The slope or gradient of a straight line is the steepness of that line. Lines with a positive gradient slope upwards from left to right, whereas lines with a negative gradient slope downwards from left to right. It’s relatively straightforward to determine the slope of a straight line if its equation is already in what we call slope–intercept form, 𝑦 equals 𝑚𝑥 plus 𝑐. As here, the value 𝑚 represents the slope of the line and the value 𝑐 represents the 𝑦-intercept. That’s the 𝑦-value at which the straight line intersects the 𝑦-axis.
Looking at the equation of the line we’ve been given, we can see that it is nearly in this form, although instead of just being 𝑦 on the left-hand side, it is six 𝑦. However, we can bring it into the form 𝑦 equals 𝑚𝑥 plus 𝑐 if we divide both sides of the equation by six. On the left, dividing by six gives 𝑦. And on the right-hand side, dividing by six gives the expression 𝑎𝑥 plus nine all over six.
We can separate the expression on the right-hand side of this equation into the sum of two separate fractions with a common denominator of six. We can write it as 𝑎𝑥 over six or 𝑎 over six 𝑥 plus nine over six. The value of nine over six can actually be simplified by dividing both the numerator and denominator of this fraction by three, to give the simplified fraction three over two. Now, comparing the equation of our line with the general form, we see that the slope of our line is 𝑎 over six because the coefficient of 𝑥 — that’s the value in front of the 𝑥 — is 𝑎 over six. And although we haven’t been asked to give the 𝑦-intercept of our line, we can see that it is equal to three over two.
In order to determine the slope of this straight line then, we need to work out the value of this constant 𝑎. To do so, we use the fact that this straight line passes through the point capital 𝐴, which has coordinates seven, negative two. As this point lies on our straight line, this pair of 𝑥- and 𝑦-values must satisfy the equation of the straight line. So, we know that when 𝑥 is equal to seven, 𝑦 must be equal to negative two. And we have a pair of values for 𝑥 and 𝑦 which we can substitute into the equation of our line in order to find the value of 𝑎.
Let’s substitute into the equation of our straight line in the form it was originally given in because this form doesn’t involve any fractions. Substituting negative two for 𝑦 and seven for 𝑎, we get the equation six multiplied by negative two is equal to 𝑎 multiplied by seven plus nine. Six multiplied by negative two is equal to negative 12. Remember, a positive multiplied by a negative gives a negative answer.

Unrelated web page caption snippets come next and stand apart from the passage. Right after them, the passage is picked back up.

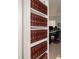 Bookshelf with red books and a view to the workspace at 3200 Canna Lily Pl, Clermont, FL 34711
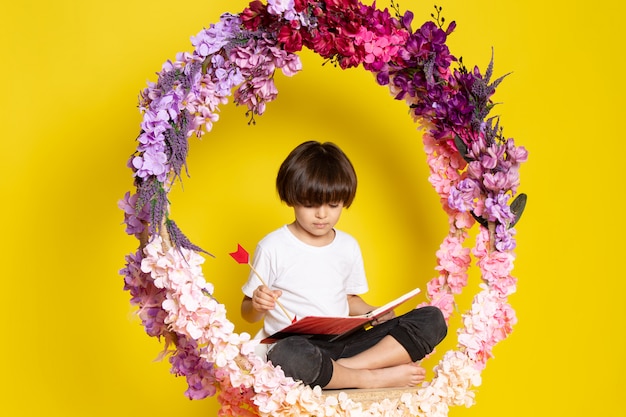 Free photo a front view little boy in white t-shirt reading book on the flower made stand on the yellow space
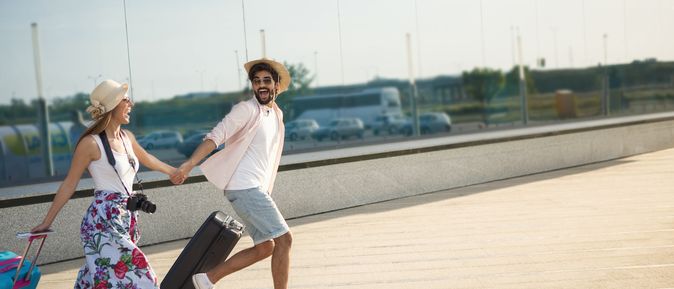 Ein Paar läuft mit Koffern aufgeregt einen Weg entlang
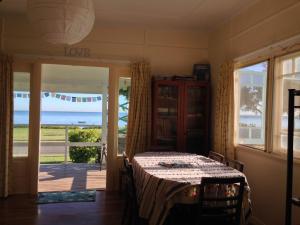a dining room with a table and a view of the ocean at 35 Flinders Ave in Dunwich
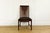 This exceptional set of four solid cherry dining chairs by the legendary American maker Stickley represents a brilliant...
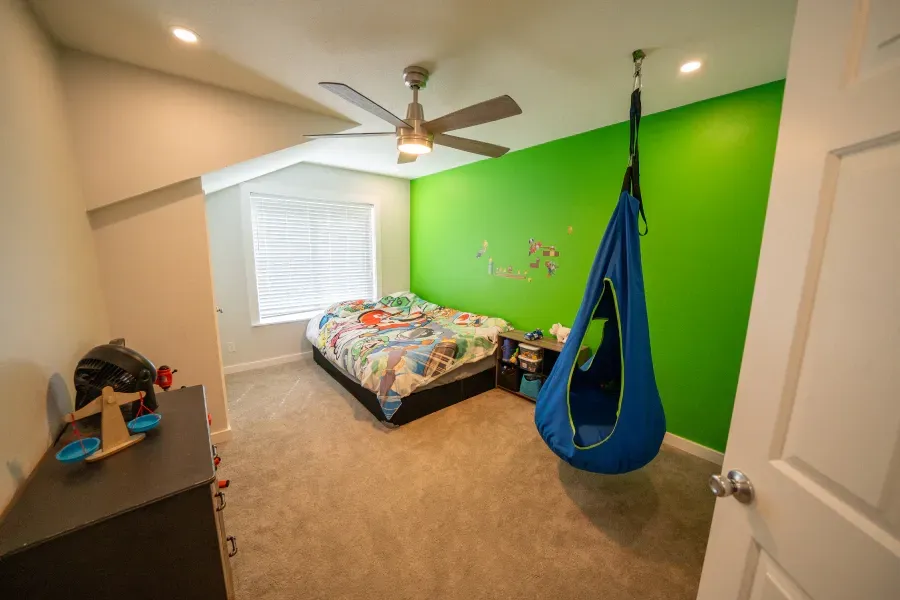 A bedroom with a green wall and a blue hammock hanging from the ceiling.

And on the right-hand side, 𝑎 multiplied by seven can be written as seven 𝑎. So, we have the equation negative 12 equals seven 𝑎 plus nine, which we now wish to solve to find the value of 𝑎.
We begin by subtracting nine from each side of the equation. On the right-hand side, we’re just left with seven 𝑎. And on the left-hand side, negative 12 minus a further nine takes us to negative 21. Our final step in solving this equation is to divide both sides by seven. On the right, seven 𝑎 divided by seven just gives 𝑎. And on the left, negative 21 divided by seven gives negative three. Remember, a negative divided by a positive gives a negative answer. So, we found the value of 𝑎. 𝑎 is equal to negative three.
Our final step is to substitute this value for 𝑎 into the expression we found for the slope of our line. Remember, we said that the slope of our line was equal to 𝑎 over six. So, substituting 𝑎 equals negative three gives that the slope of the line is equal to negative three over six. We can simplify this fraction though by dividing both the numerator and denominator by three. Three divided by three is one, and six divided by three is two.
So, we’ve found that the slope of the straight line whose equation is six 𝑦 equals 𝑎𝑥 plus nine and passes through the point with coordinate seven, negative two is negative one-half.